(Data entries)
---------------
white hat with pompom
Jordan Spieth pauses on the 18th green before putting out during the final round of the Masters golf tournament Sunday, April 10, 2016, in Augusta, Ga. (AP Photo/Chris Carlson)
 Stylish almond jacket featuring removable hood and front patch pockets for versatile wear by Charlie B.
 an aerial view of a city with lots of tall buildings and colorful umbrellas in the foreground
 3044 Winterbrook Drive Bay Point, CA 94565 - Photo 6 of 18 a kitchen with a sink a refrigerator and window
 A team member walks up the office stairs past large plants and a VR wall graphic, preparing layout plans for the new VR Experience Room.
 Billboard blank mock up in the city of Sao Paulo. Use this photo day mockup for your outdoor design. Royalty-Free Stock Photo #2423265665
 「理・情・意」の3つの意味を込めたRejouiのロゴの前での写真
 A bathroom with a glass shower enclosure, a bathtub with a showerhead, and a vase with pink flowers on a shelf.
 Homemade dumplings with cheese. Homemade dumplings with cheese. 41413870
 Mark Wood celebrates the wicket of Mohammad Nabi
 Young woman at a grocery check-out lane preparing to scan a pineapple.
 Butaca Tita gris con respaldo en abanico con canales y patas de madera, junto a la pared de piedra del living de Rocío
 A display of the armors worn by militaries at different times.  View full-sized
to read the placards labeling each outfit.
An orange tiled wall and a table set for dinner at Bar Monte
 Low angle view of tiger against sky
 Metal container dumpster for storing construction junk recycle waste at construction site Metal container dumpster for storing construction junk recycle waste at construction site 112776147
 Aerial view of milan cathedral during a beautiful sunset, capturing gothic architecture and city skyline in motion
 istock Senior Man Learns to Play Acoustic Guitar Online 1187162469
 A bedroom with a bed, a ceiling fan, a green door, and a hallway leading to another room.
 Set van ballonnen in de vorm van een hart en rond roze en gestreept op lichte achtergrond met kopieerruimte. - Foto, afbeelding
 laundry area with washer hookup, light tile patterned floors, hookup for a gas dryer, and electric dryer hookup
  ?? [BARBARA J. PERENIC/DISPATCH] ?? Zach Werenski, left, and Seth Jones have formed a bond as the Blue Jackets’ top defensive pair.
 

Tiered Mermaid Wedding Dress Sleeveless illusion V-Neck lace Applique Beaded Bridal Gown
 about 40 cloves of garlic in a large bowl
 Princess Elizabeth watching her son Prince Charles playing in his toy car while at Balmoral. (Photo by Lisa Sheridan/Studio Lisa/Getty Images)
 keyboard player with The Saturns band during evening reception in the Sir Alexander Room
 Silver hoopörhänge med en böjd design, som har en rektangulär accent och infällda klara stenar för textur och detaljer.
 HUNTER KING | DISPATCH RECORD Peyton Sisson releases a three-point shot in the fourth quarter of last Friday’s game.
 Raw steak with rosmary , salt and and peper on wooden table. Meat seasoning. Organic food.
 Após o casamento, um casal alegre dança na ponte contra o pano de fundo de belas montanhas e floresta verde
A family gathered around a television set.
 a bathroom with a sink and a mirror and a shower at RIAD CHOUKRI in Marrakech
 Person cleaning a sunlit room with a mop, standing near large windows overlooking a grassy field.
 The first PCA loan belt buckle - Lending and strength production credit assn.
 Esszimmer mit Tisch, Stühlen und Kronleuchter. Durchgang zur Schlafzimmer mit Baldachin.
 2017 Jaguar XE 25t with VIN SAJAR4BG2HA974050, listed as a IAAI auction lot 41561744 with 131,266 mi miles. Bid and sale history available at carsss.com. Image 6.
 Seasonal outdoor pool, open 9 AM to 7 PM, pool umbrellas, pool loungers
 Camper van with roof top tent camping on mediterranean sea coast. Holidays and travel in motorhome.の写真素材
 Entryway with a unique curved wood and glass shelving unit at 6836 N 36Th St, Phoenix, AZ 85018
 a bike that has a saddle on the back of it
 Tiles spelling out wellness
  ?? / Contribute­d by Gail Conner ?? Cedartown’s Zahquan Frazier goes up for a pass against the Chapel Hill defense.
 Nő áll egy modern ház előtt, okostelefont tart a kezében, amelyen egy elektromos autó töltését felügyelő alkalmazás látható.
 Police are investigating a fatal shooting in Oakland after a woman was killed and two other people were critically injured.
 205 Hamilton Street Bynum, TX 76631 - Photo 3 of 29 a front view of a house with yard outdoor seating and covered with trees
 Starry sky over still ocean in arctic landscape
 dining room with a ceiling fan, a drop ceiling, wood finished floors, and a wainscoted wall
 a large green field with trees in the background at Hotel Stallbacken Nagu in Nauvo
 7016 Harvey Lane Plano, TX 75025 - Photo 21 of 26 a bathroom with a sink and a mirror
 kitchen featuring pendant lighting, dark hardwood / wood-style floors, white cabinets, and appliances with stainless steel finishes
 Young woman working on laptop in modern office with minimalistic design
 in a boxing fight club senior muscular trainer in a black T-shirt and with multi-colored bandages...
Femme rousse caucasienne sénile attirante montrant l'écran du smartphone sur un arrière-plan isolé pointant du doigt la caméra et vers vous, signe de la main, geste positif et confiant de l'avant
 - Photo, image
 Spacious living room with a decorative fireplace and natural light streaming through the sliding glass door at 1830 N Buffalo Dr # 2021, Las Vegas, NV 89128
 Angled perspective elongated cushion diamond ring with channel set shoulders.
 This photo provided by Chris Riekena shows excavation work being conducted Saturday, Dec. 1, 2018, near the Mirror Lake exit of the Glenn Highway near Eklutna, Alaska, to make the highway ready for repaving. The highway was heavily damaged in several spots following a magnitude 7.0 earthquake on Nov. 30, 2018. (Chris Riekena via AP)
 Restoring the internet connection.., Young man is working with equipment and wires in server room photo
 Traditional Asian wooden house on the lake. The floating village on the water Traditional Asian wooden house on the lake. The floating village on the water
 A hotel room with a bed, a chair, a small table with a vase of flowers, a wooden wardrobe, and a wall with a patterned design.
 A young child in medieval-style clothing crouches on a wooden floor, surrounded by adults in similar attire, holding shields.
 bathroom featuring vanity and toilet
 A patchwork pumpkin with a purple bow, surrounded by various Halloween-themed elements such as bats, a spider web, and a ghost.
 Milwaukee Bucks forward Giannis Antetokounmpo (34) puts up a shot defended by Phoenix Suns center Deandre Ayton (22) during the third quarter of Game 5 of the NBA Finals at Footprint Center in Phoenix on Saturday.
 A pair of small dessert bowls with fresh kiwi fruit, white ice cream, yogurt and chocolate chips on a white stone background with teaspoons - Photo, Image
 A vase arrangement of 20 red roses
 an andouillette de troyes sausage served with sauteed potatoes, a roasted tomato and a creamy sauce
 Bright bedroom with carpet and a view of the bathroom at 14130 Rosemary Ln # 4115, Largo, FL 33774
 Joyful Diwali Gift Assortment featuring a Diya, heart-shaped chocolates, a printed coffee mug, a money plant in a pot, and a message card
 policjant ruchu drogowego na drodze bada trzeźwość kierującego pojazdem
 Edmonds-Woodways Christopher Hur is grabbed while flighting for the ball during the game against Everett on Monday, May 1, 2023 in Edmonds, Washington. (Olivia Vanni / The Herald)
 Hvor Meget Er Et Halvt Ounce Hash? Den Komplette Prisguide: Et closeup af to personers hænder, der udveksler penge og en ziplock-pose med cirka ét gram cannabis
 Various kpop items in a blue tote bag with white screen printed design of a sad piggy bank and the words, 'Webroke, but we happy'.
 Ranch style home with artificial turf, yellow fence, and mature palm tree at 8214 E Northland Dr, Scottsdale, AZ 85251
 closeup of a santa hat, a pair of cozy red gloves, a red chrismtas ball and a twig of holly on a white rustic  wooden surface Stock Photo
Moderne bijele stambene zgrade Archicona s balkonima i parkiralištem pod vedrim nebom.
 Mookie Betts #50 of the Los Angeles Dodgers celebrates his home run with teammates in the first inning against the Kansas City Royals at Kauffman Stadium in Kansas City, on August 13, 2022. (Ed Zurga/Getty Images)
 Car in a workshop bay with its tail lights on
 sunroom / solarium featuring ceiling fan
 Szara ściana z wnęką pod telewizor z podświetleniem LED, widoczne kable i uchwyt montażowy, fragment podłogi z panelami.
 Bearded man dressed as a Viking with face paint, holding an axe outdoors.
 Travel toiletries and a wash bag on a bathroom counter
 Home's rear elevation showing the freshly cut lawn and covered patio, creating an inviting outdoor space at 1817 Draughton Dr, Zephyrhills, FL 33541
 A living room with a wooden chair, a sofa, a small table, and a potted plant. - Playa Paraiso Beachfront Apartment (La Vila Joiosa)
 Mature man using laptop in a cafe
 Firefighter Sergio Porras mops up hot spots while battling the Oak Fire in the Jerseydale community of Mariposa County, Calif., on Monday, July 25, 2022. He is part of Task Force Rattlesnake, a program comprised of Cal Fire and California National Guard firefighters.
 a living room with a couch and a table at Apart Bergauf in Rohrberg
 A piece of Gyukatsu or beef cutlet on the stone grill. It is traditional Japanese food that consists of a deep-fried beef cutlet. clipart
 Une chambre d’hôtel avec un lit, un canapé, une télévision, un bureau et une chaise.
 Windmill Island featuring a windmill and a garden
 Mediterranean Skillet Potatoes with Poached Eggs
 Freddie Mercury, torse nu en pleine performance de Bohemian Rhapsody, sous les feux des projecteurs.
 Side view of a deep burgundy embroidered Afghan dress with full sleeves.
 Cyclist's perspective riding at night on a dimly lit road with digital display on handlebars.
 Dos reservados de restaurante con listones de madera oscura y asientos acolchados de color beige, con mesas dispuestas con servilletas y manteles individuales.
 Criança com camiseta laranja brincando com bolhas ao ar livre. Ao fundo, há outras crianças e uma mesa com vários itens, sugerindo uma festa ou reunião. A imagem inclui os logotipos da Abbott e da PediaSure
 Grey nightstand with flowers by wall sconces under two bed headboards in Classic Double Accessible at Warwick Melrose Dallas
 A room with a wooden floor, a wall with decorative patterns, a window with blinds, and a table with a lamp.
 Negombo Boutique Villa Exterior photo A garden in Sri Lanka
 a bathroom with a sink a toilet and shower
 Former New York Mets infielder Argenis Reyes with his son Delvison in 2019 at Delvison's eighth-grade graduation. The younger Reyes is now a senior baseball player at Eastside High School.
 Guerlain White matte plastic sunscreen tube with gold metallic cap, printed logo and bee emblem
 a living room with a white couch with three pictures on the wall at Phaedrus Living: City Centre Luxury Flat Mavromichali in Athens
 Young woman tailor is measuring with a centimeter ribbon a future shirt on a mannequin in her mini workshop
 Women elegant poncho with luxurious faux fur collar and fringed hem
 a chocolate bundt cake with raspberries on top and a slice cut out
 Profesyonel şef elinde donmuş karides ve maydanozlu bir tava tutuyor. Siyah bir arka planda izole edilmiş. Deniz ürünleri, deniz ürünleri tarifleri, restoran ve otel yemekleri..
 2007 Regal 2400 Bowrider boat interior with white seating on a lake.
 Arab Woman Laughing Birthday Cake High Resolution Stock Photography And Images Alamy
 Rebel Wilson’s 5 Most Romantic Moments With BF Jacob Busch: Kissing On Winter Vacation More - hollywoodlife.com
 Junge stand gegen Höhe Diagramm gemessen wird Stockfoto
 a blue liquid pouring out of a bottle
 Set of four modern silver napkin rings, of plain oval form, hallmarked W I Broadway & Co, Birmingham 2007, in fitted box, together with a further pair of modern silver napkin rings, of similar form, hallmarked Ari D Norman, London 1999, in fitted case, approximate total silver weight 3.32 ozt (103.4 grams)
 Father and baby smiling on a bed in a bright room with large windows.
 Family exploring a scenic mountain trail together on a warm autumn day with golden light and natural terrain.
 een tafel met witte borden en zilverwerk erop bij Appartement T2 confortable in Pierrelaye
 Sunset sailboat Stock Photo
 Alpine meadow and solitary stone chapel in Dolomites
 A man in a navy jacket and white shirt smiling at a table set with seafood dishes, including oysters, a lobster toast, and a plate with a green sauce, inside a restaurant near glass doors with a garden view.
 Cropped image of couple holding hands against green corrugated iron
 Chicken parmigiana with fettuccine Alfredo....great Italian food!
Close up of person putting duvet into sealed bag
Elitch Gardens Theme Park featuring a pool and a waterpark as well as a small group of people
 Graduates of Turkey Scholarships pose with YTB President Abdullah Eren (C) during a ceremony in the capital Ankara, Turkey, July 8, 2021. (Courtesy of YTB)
---------------
◆ **REQUIRED WORK**
As listed above, the lines from the line with "Aerial view of milan" to the line with "A bedroom with" are to be echoed exactly, with both ends included and nothing added.

◆ **EXERCISE ANSWER**
 Aerial view of milan cathedral during a beautiful sunset, capturing gothic architecture and city skyline in motion
 istock Senior Man Learns to Play Acoustic Guitar Online 1187162469
 A bedroom with a bed, a ceiling fan, a green door, and a hallway leading to another room.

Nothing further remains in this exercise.